I am on my fourth day of not smoking cigarettes. I have smoked everyday since I was 15 years old. I will be 71 on the 18th of this month. I quit Mary-Jane in August of this year. I started smoking POT when my daughter was a baby. 51 years ago. I quit smoking cigarettes when I was pregnant, the day I had her I started up again. It is a powerful addiction; Nicotine. It is harder to quit than any drug I have ever used and abused.
For my birthday I got another Tattoo. Have not gotten one since my Phoenix in 2009.
I got this one on the 27 th.
“Life Is Beautiful”
On to the Blog Post I wrote last night. Thinking is a powerful thing. Best to write it down.
It is what it is
2:35 AM 11/1/2019
“You don’t always need a plan. Sometimes you just need to breathe, trust, let go, and see what happens.”
It Was what it Was
Wish I could go back to sleep.
Listen to the same people complaining about the same things.
Hoping that I wake up in the morning.
No matter what I did too not wake up, I woke. In a super duper Daze but alive.
Wake up again and repeat.
This was my routine for YEARS before I finally couldn’t take it anymore.
I was possibly more miserable than I’d ever been.
Why wasn’t my life changing ?
So I plodded on, and accepted my life as it was. I tried to make the best of things. And sometimes, it worked, but not for long.
Eventually the feelings of dissatisfaction would return. The feeling of helplessness. Feeling stuck. Wanting to escape.
But there was no way out. I’d be repeating this day forever. And ever.
Let It Go
Around this time, I was reading a lot about how we need to close one door before another can open.
I didn’t even know what I wanted anymore. I just knew I didn’t want what I had.
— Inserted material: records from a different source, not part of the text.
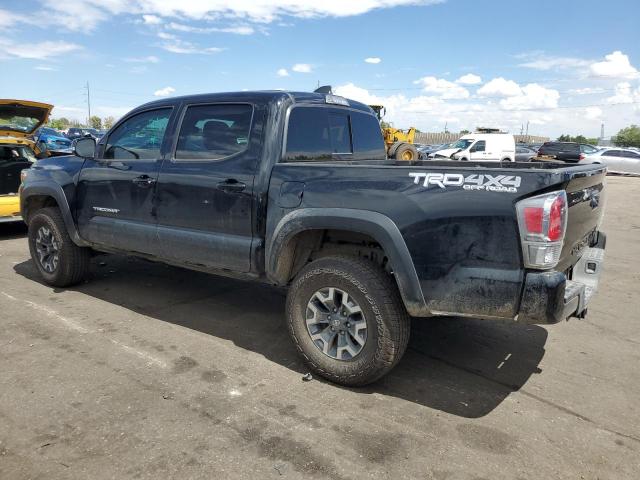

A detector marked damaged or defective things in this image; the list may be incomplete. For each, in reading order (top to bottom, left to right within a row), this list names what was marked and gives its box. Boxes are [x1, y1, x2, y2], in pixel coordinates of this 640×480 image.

yellow damaged car [0, 100, 52, 224]
damaged rear bumper [516, 232, 604, 324]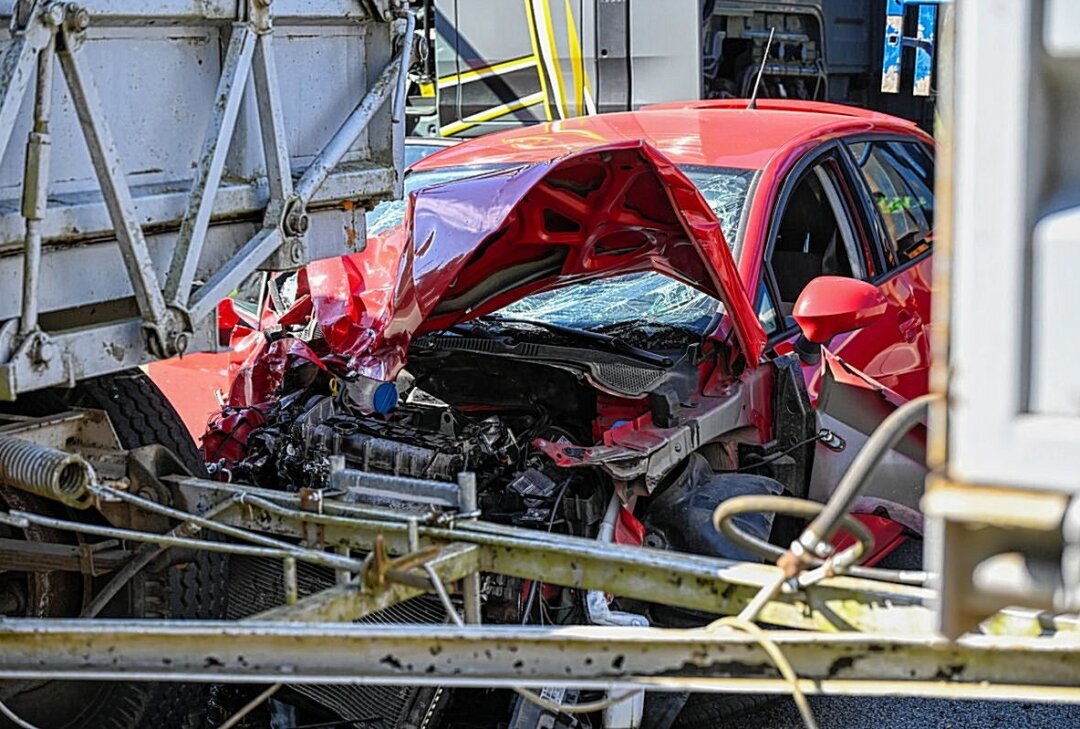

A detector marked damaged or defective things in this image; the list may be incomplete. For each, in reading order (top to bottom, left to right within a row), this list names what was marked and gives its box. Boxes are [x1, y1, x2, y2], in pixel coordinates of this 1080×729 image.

crushed car hood [304, 141, 764, 382]
bent chassis [0, 412, 1072, 708]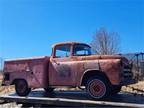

I had to follow my heart. What if my heart was only telling me what I didn’t want? What if it was refusing to tell me what was next?
What if I closed one door and the other one got stuck?
I was so afraid of what would happen, I held on for months, hoping for an answer to drop out of the sky.
Until the pain of staying where I was suddenly became too much to bear. I couldn’t take it anymore. Suddenly, what happened next didn’t matter.
I didn’t care.
I saw the madness of what I was doing. Just to survive.
And even surviving wasn’t much fun.
So I surrendered. I did what I’d felt called to do all along: I said goodbye to the man I’d been clinging to. With no idea of what was coming next. With no income and little money.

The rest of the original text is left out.